**Task statement**
Transcribe exactly, please, the line bearing "butterfly flower libar" and all later lines through the end of the records, with the pictures left out.

[Captioned web image data]
Segment Open

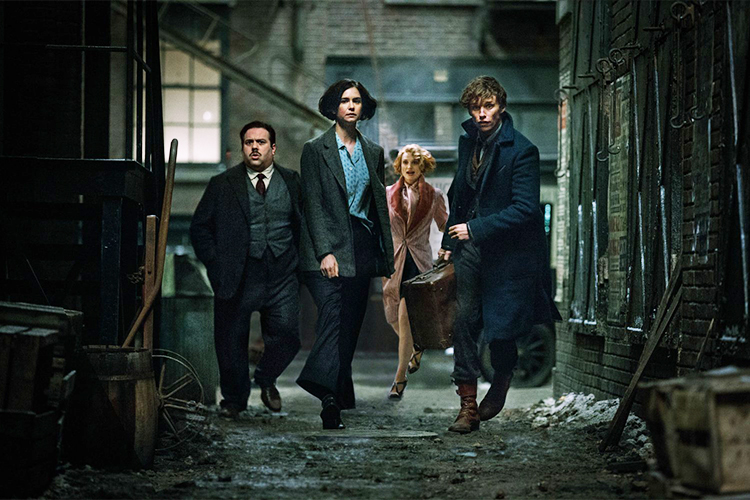 Jacob (Dan Fogler), Porpentina (Katherine Waterston), Queenie (Alison Sudol) e Newt Scamander (Eddie Redmayne) em 'Animais Fantásticos e Onde Habitam'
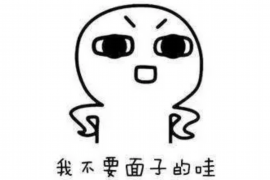 秦淮债务清欠服务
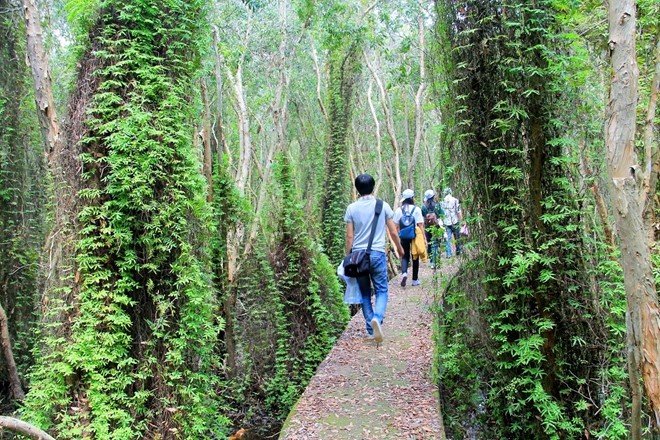 'Con đường xuyên rừng tràm đẹp nhất Việt Nam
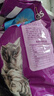 伟嘉成猫猫粮3.6kg海洋鱼味布偶英短猫咪夹心粮全价粮【原料透明】 实拍图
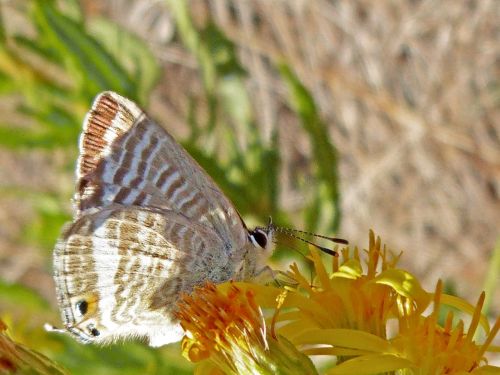 butterfly flower libar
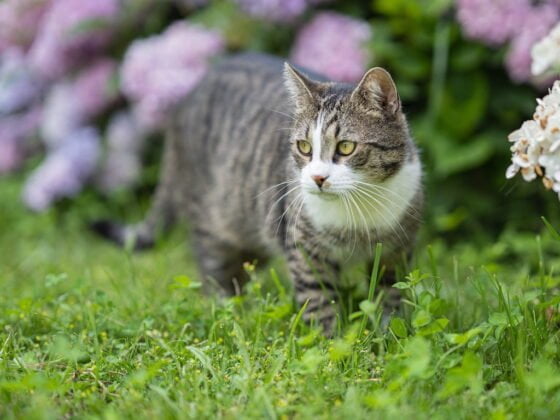 kissa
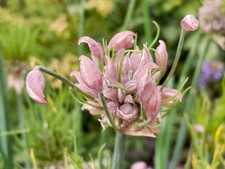 10 bulbi Allium schoenoprasum 'Picnic' - erba cipollina - erba cipollina da giardino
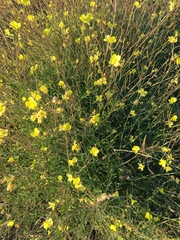 Diplotaxis tenuifolia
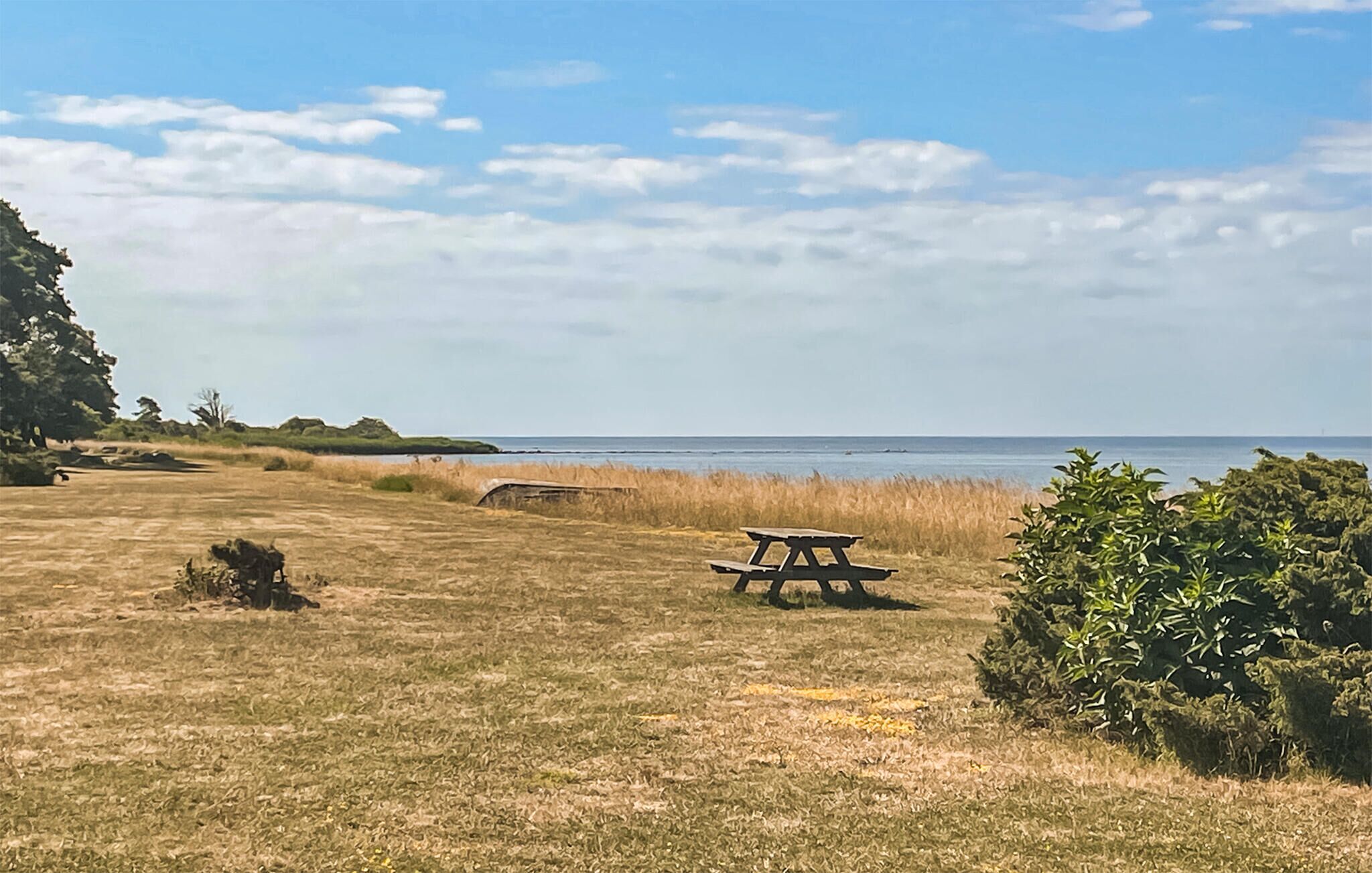 A grassy area with a picnic table and a bench, overlooking a body of water.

Segment Closed

**Exercise solution**
 butterfly flower libar
 kissa
 10 bulbi Allium schoenoprasum 'Picnic' - erba cipollina - erba cipollina da giardino
 Diplotaxis tenuifolia
 A grassy area with a picnic table and a bench, overlooking a body of water.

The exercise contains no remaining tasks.